Outside the for loop:
- Create a loop that will loop as long as the tree with all the pids is not empty.
- Inside the loop, wait for each pid. Since you CANNOT use waitpid, call wait and set it equal to a pid. Then, check if this pid is in the tree, if it is, remove it from the tree.
NOTE: How does wait work?
wait() is a blocking function. Namely, it will hang the calling process (parent) until ANY of the children exits. Once this happens, the wait function will return the pid of the child that exited. This is the pid that you will look up in your tree and delete if it exists there.
Final Notes:
- Remember that the exec function replaces the current process image with a new process image. This is why you call execv in the children. Otherwise, you’d be replacing the process image of the parent and your shell would be gone – rip shell.
- Since the process image of the child is replaced with a new process image, if execv is successful, it would never reach perror() and exit(). However, you do NEED to add these because if execv fails, then the child will never exit and it will continue to the next iteration of the loop creating a fork bomb.
- Distinction between process image (program) and process:
- Process: It is an instance of a running program, including its code, data, and system resources like file descriptors and memory. Each process has a unique process identifier (PID).
- Program: This refers to the executable code and associated data loaded into memory.

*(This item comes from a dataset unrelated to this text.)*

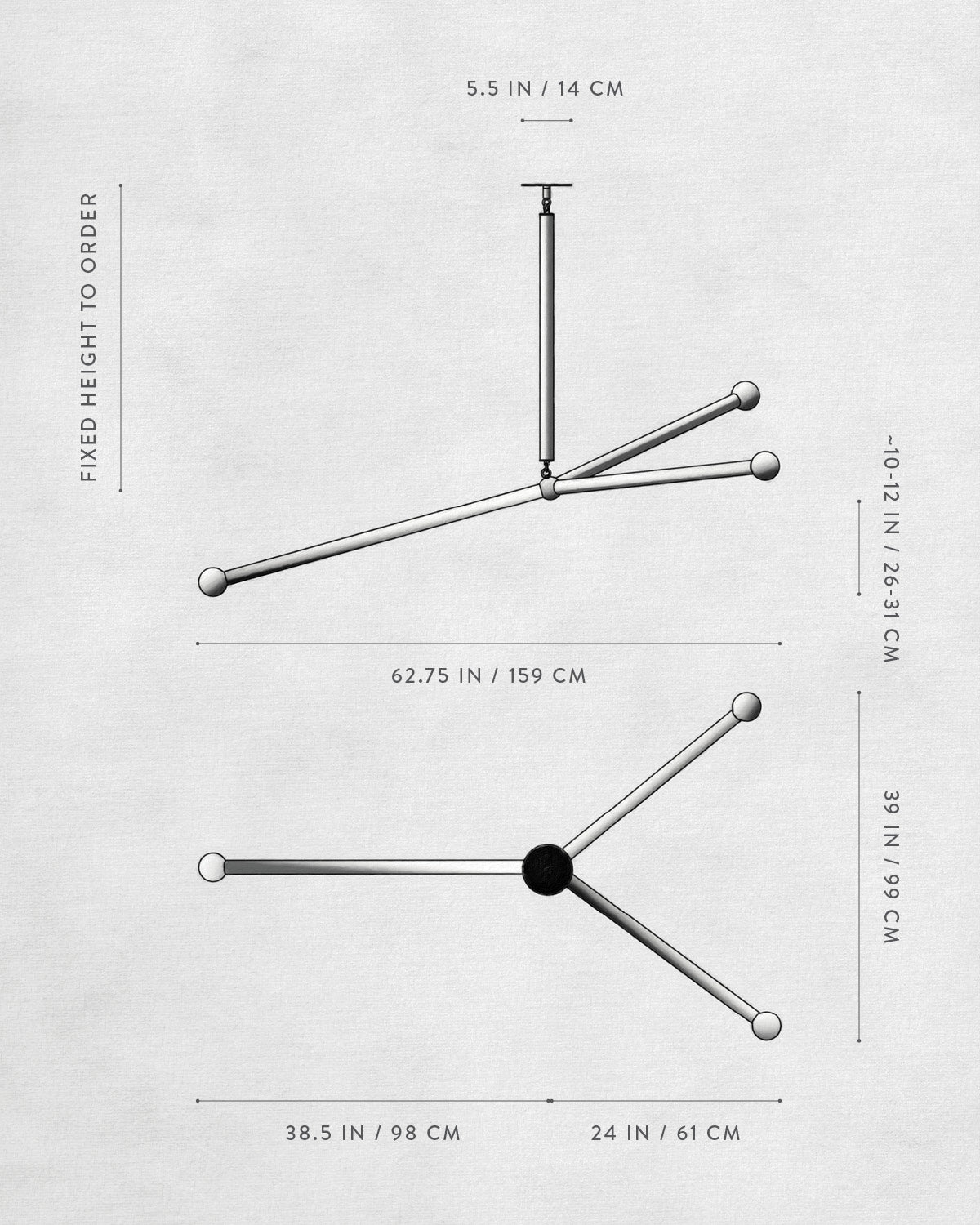 Technical drawing of ARROW : LARGE ceiling pendant.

When you use fork(), you create a new process. This new process is a copy of the parent process, and it receives its own unique PID. Both processes initially run the same program. However, when you use an execvp() function in one of these processes, you replace the currently running program in that process with a new program. The process itself (including its PID and system resources) does not change—it simply starts running different code and data. Since the PID doesn’t change when execvp() is called, the parent process can accurately track the completion of the child process regardless of what new program the child is running.
Remember:
- Fork creates a new process.
- Exec replaces the program running within an existing process.